No tengo mucho de cocinero. No disputo encuentros deportivos de manera reseñable. Mi habilidad para intervenir en público es corriente. Mis ingresos son modestos. Y mi mediocridad en todos estos ámbitos está asumida.
Eso se debe a que me precio de mis escritos. Escribo de historia y política, referentes a Oriente Medio en su mayor parte. Me esfuerzo mucho por llegar tanto a una audiencia especializada (personas a las que les gusta dedicar sus jornadas laborales a estas cuestiones) como a una profana (todos los demás).
Aunque habré publicado alrededor de una docena de libros y cientos de tribunas, la escritura sigue siendo para mí una empresa difícil. Como sabe cualquiera que haya sido estudiante, ordenar las ideas de uno en el papel es difícil. Sí, con la experiencia la cosa mejora algo, pero no mucho, quizá porque implica convertir el caos tridimensional del mundo al impecable orden de las dos dimensiones del papel. La redacción siempre exige concentración y estructura, y no hay forma de evitar las galeradas, ese primer esfuerzo caótico e improductivo de ordenar las ideas de uno. Tampoco puedo evitar los múltiples borradores posteriores y las correcciones, una docena en total a veces o más.

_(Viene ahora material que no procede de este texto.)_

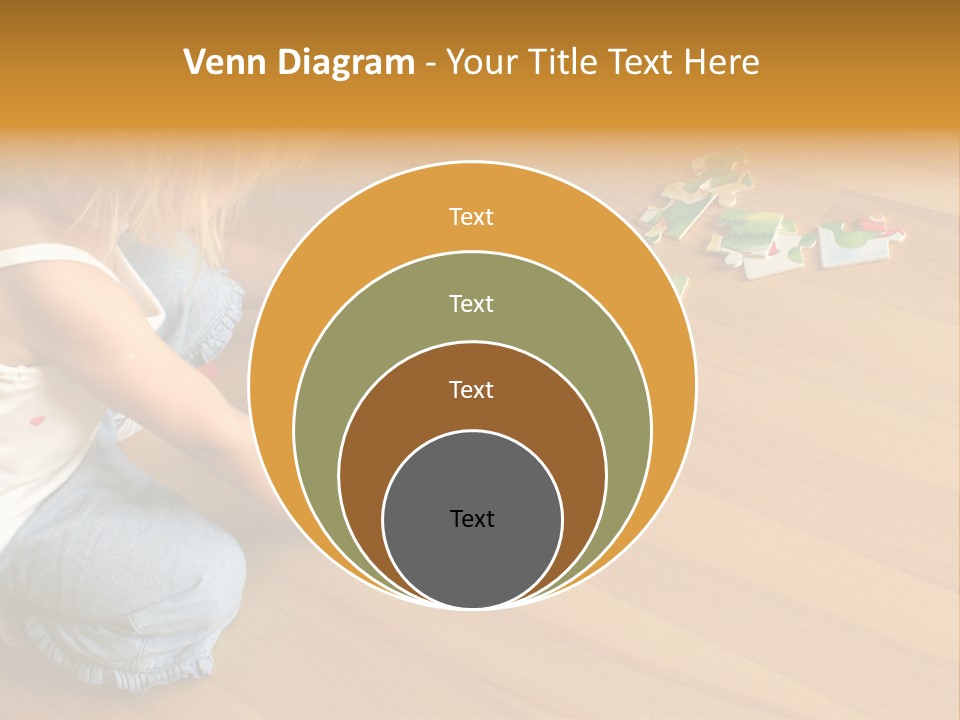 2-3 Years Old Girl Kneeling On The Floor And Solving Jigsaw Puzzle PowerPoint Template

Las únicas ocasiones en que la redacción es relativamente fluida son las infrecuentes veces en las que sé con antelación lo que tengo intención de decir, y ponerlo sobre el papel se convierte en una labor más de secretaría que de creación. Esto sucede a veces con una tribuna, digamos, y un millar de palabras salen en apenas una hora más o menos. Generalmente, esta feliz experiencia sigue a la discusión repetida de una materia, cuando tengo calculado lo que pienso. Pero en raras ocasiones puede aplicarse lo mismo a un artículo de una revista o incluso a un libro. Mi experiencia más memorable en esta línea tuvo lugar en 1989: El ayatolá Jomeini decretó su pena capital contra Salman Rushdie el 14 de febrero y para finales de mayo de 1989 yo tenía un libro entero acerca de esto, explicando sus orígenes y sus implicaciones. Recuerdo emocionado aquella vez como singular momento de actividad apasionada. Tristemente, asumo que fue un episodio puntual que no se repetirá.
A pesar de su dificultad para mí, pongo el acento en la escritura por tres razones principales. Primero, es consecuente. La escritura mueve el mundo. Prácticamente todas las ideas que hemos tenido alguna vez cualquiera de nosotros se deben en última instancia al texto que alguien redactó en algún momento. La vida espiritual, la ideología política, la tecnología, los fundamentos del romance - todo se desprende de las palabras sobre el papel (o últimamente, del monitor). Cada informativo o película sale de la palabra escrita. Así ha sido durante siglos y seguirá siéndolo hasta en esta era de multimedia y tecnologías emergentes. La única manera de sacar una idea a la luz, fijarla y perfeccionar su expresión sigue siendo la palabra escrita. Cuando escribo, siento que tengo posibilidad de participar en esta empresa humana profundamente importante.
En segundo lugar, la escritura es gratificante. Ver el nombre propio sobre el papel, no puede negarse, es un placer. En parte es cuestión de gratificación del ego, en parte satisfacción producto de recordar las ideas de uno y fijarlas en una hoja pulcra. Pero escribir también me compensa en un sentido más material, siendo parte esencial de mi profesión. Casi todas las oportunidades que tengo son producto de la escritura. Las tribunas de prensa conducen a intervenciones en programas de la televisión nacional, los artículos de las revistas a invitaciones a visitar lugares lejanos, los artículos especializados a labores de consultoría, y los libros a conferencias.
Por último, escribo porque me apetece expresarme. No importan las veces que pueda repetirme a tenor de alguna cuestión - el conflicto árabe-israelí, pongamos, o los peligros del islam fundamentalista - mis ideas siguen siendo efímeras hasta que las llevo al papel. El ensayo implica un rigor que me obliga a dar coherencia a mis opiniones.
Y por esa razón, aunque muchas veces preferiría ver la televisión o relajarme, normalmente hago el esfuerzo y me obligo a escribir. No siempre es divertido, pero siempre vale la pena.